[Supplied entries — start]
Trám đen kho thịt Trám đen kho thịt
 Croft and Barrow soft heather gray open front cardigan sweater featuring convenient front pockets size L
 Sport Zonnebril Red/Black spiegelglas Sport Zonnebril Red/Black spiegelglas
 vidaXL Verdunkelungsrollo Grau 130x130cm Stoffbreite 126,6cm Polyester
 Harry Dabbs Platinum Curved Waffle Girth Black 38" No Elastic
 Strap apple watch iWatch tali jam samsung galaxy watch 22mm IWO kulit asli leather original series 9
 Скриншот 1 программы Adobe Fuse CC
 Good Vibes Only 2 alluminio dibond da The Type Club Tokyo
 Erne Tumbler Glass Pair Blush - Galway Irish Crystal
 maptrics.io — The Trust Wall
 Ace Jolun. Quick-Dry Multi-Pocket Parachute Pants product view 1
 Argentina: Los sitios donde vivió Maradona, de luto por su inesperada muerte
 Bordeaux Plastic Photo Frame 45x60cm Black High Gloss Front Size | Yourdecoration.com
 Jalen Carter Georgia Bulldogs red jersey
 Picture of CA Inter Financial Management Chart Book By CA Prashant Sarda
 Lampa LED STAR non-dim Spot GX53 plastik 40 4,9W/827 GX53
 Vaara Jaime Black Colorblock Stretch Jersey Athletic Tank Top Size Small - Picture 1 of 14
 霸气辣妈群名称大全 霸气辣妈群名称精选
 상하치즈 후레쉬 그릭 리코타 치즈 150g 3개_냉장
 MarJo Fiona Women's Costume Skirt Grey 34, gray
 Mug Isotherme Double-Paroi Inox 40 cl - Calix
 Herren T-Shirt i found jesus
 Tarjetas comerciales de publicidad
[Supplied entries — finish]
> _Task_
Filtering the entries above by the word "gray", copy each line that matches.

> _Response below_
 Croft and Barrow soft heather gray open front cardigan sweater featuring convenient front pockets size L
 MarJo Fiona Women's Costume Skirt Grey 34, gray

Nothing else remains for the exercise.